It’s usually Italy and its at this point embarrassing “Piracy Shield” scheme that receives harsh criticism for indiscriminate censorship of legitimate services, this happening in a frenzied (and poorly thought-out) bid to protect every last euro cent generated by Italy’s top football league, Serie A.
Not to be outdone, now the authority behind Spain’s LaLiga is engaging in what those affected – among them, US cloud platform Vercel – call “indiscriminate blocking” resulting in “an unaccountable form of internet censorship.”
What’s happening here is that earlier in the year, LaLiga applied for and was granted the right to, together with massive telecom multinational Telefonica, carry out ISP-level blocking.
The goal is to block IPTV sites and services deemed as “pirates.” What this kind of setup – involving shared IP addresses – inevitably produces, though, is lawfully operating services having their servers blocked in Spain.
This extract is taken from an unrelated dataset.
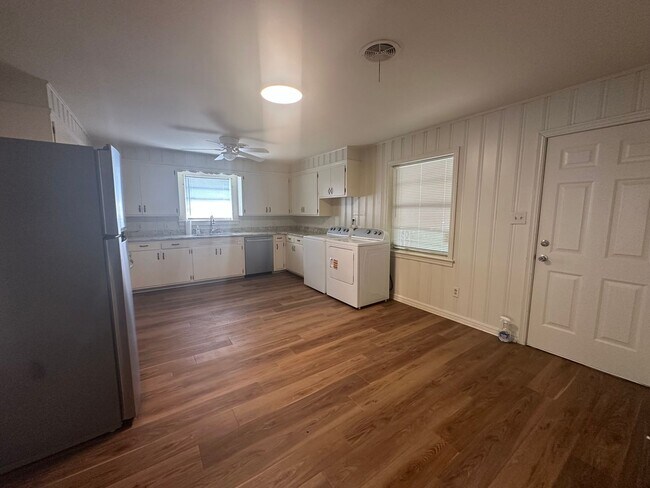 Building Photo - Welcome to this charming 2-bedroom, 1-bath...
TorretFreak writes that Cloudflare was the first to be hit, and its failed legal challenge opened up the path for LaLiga and Telefonica to continue with their brand of anti-piracy crusade that involves blocking, uninvolved in piracy, third parties.
Vercel’s (legitimate) customers are the latest to be affected, despite the company being one of those who, rather than tacitly ignoring them, act on copyright complaints.
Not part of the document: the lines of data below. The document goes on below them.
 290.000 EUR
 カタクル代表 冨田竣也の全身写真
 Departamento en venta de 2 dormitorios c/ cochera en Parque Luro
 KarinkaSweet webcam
On April 15, Vercel CEO Guillermo Rauch took to X to announce that Spain’s internet censorship was blocking the company’s CDN IPs – which he said is “the front door of millions of applications and websites.”
The post added the company was working to mitigate the damage and “restore freedom of speech as we can” – while at the same time slamming those behind the rules as “uncommunicative, secretive and undeterred by users’ complaints.”
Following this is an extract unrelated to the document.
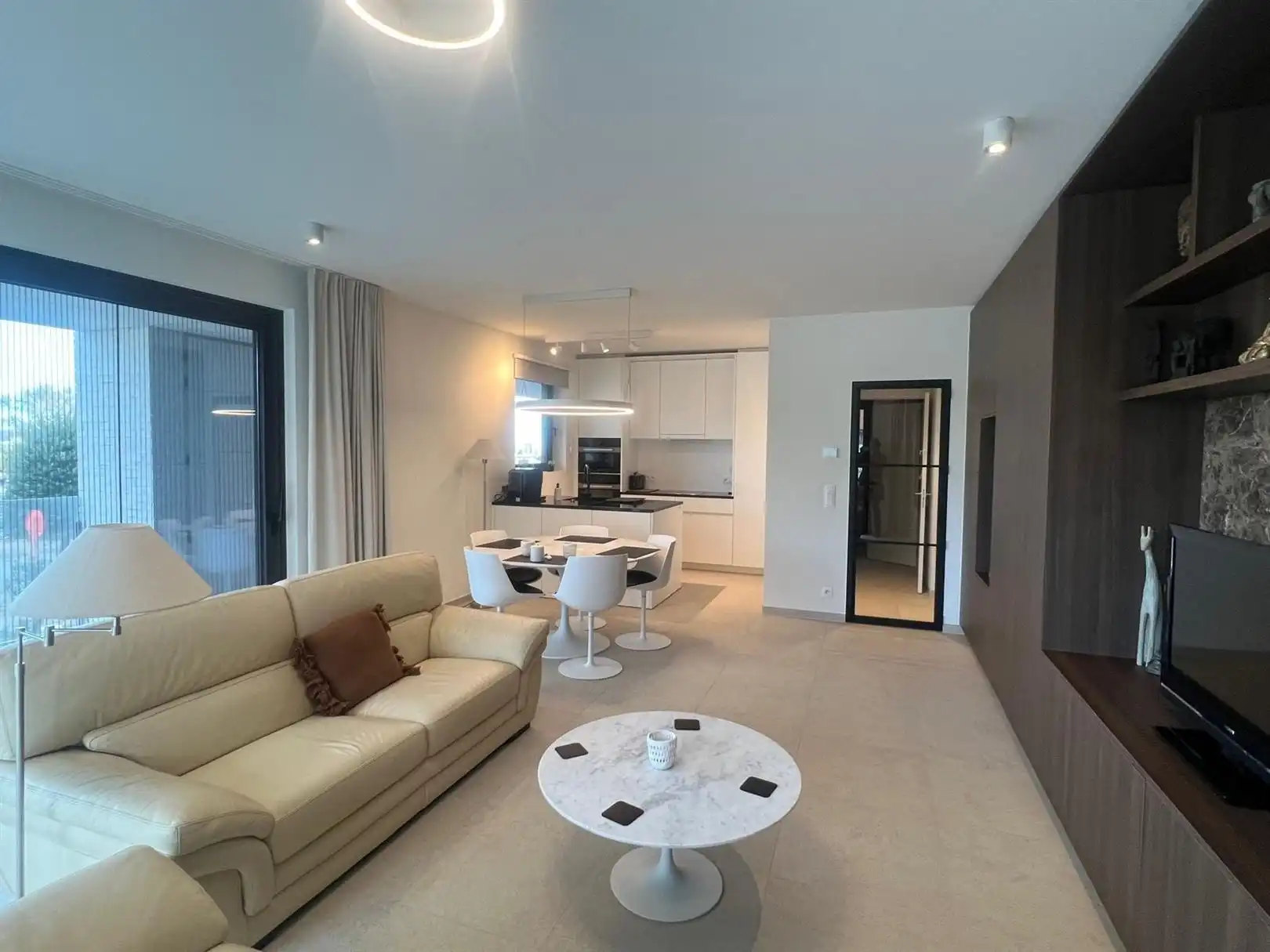 Exclusief hoekappartement 3 slpk, 2 badk in topgebouw Jan Turpin foto 5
This was “brought home” to US audiences with one of the reactions to the announcement likening the situation to the NFL having, at its discretion, the power to block access to services like AWS or Vercel to every AT&T and T-Mobile customer.
Rauch and Vercel Principal Engineer Matheus Fernandes issued a statement that said ISPs in Spain have taken to blocking “entire IPs, ignoring SNI (server name indication) and making no effort to distinguish between hosts.”
“Any website or service behind a blocked IP is taken offline, regardless of its legitimacy,” they continued.
LaLiga, as a private entity, now has the power to, with the blocks, “impact critical infrastructure, developers, and businesses; without review, due process, (and) transparency.”
“What started as an anti-piracy measure has become an unaccountable form of internet censorship. There’s no distinction between targeted enforcement and mass collateral damage. IPs are being blocklisted wholesale,” Rauch and Fernandes wrote last week.